Everything that can be quantified will be quantified. Intelligence, aptitude, skill, physical ability: all can be rated and assigned value in the game of life. Those who fail or drop out are deemed to be losers. Indeed, in a supposedly meritocratic society, wealth and status become equivalent to moral worth, meaning that the poor deserve to be poor and the rich deserve to be rich.

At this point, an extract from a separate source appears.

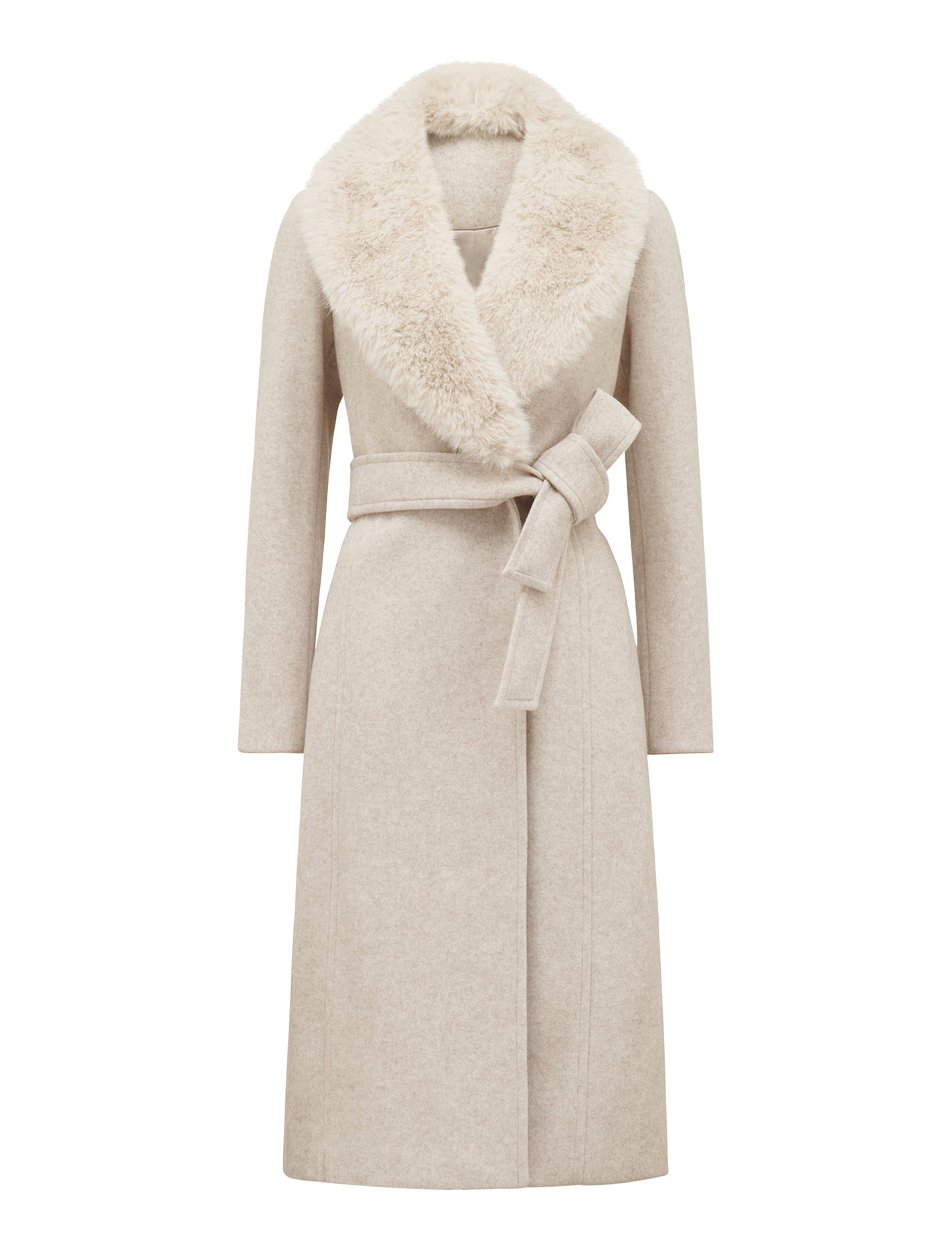 Monica Faux-Fur Collar Wrap Coat Mink Marle_mannequin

The last thirty years have seen competition cemented into the official policy through the ideological position called Neoliberalism. Briefly put, Margaret Thatcher, following Friedrich Hayek, put forward the view that the market always knows best and that competition helps avoid the inefficiencies of societies like the Soviet Union. Indeed, in what was perceived as a vindication of Neoliberalism, by the end of the 1980s socialism had virtually collapsed leaving free-market global capitalism as the only game in town.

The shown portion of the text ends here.